From: Sean Christopherson <seanjc@google.com>
To: Paolo Bonzini <pbonzini@redhat.com>
Cc: linux-kernel@vger.kernel.org, kvm@vger.kernel.org
Subject: Re: [PATCH 2/3] KVM: MMU: unconditionally clear MMIO cache on root rebuild
Date: Tue, 9 Jun 2026 13:24:54 -0700 [thread overview]
Message-ID: <aih2lgkT9Tmt09uv@google.com> (raw)
In-Reply-To: <20260604160733.12555-3-pbonzini@redhat.com>
On Thu, Jun 04, 2026, Paolo Bonzini wrote:
> Upon changing CR3, the MMIO cache becomes invalid because the
> GVA->GPA mapping has changed. However, kvm_load_new_pgd() calls
s/kvm_load_new_pgd/kvm_mmu_new_pgd
> vcpu_clear_mmio_info() call only if the fast switch succeeded.
> The early-return path instead leaves the root invalid; the next entry
> then calls kvm_mmu_reload() and from there kvm_mmu_load().
>
> kvm_mmu_load() calls kvm_mmu_sync_roots(), which clears the MMIO
> cache, but one combination that falls through is root_role.direct==1,
> i.e. CR0.PG=0, for which kvm_mmu_sync_roots() bails before reaching the
> call to vcpu_clear_mmio_info().
>
> That combination is barely reachable: a valid direct root is pretty much
> always a fast-switch success because it does not check the PGD for a
> match. The early return for a direct root thus requires the current root
> to already be invalid, and kvm_mmu_unload() itself clears the MMIO cache.
>
> That said, doing an independent clear in the style of kvm_mmu_new_pgd()

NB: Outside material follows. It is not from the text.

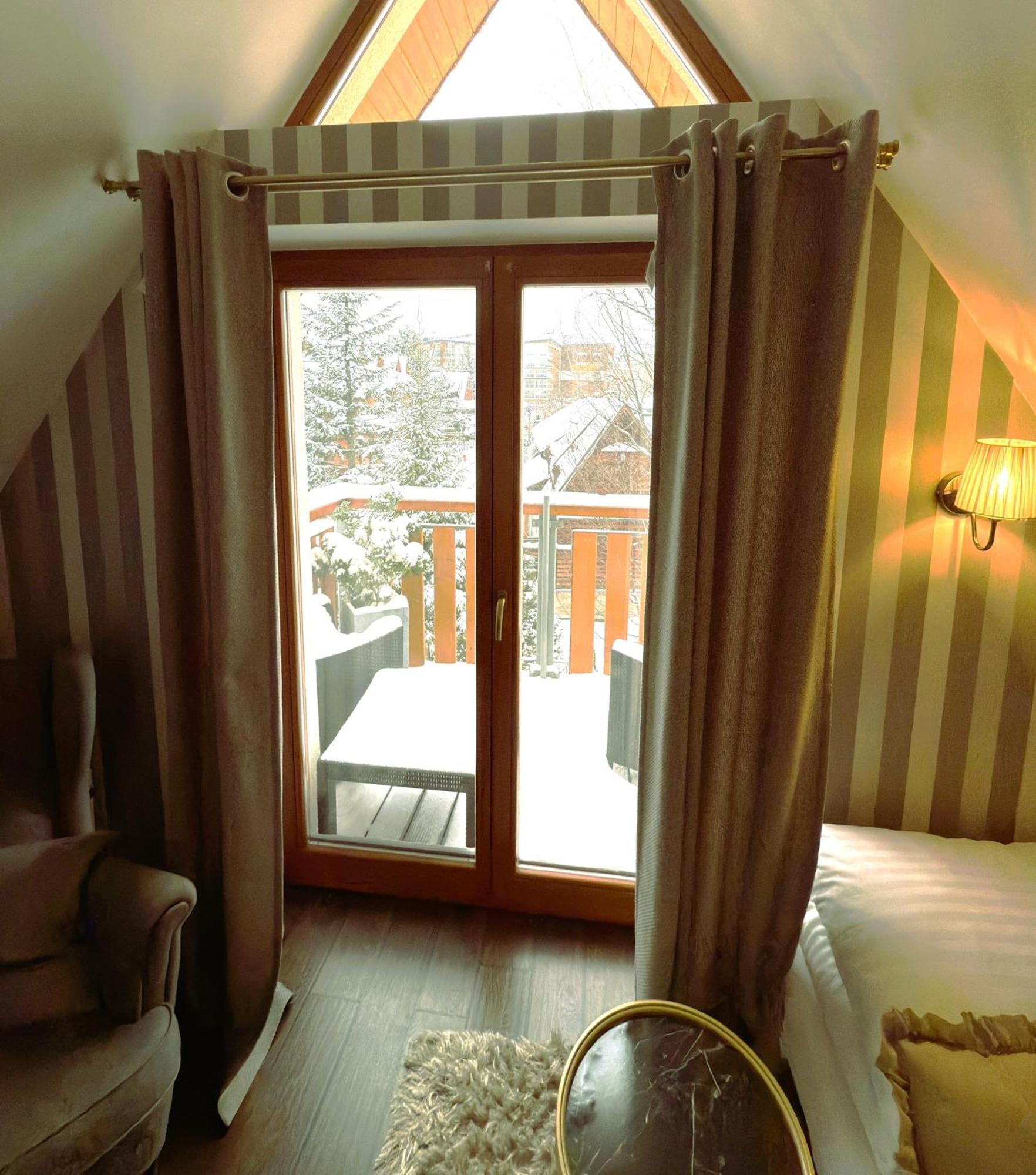 Apartament Glamour I Zakopane Luaran gambar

> is more obviously correct and basically free, so harden it.
>
> Signed-off-by: Paolo Bonzini <pbonzini@redhat.com>
> ---
> arch/x86/kvm/mmu/mmu.c | 1 +
> 1 file changed, 1 insertion(+)
>
> diff --git a/arch/x86/kvm/mmu/mmu.c b/arch/x86/kvm/mmu/mmu.c
> index f8aa7eda661e..6689c9f8ae16 100644
> --- a/arch/x86/kvm/mmu/mmu.c
> +++ b/arch/x86/kvm/mmu/mmu.c
> @@ -6138,6 +6138,7 @@ int kvm_mmu_load(struct kvm_vcpu *vcpu)
> if (r)
> goto out;
>
> + vcpu_clear_mmio_info(vcpu, MMIO_GVA_ANY);
> kvm_mmu_sync_roots(vcpu);
I don't dislike this change, but I don't really like it either. MMIO caching as
a whole is a mess of spaghetti. E.g. handle_mmio_page_fault() will never use or
cache a gva for the CR0.PG=0 case, and so the only way for this to be reachable
in any capacity is if KVM emulates an instruction, in response to something *other*
than a #PF (otherwise KVM will use the GPA), immediately after inserting into the
cache via kvm_handle_noslot_fault().
IMO, flushing cache here, when it's _just_ barely necessary is rather confusing.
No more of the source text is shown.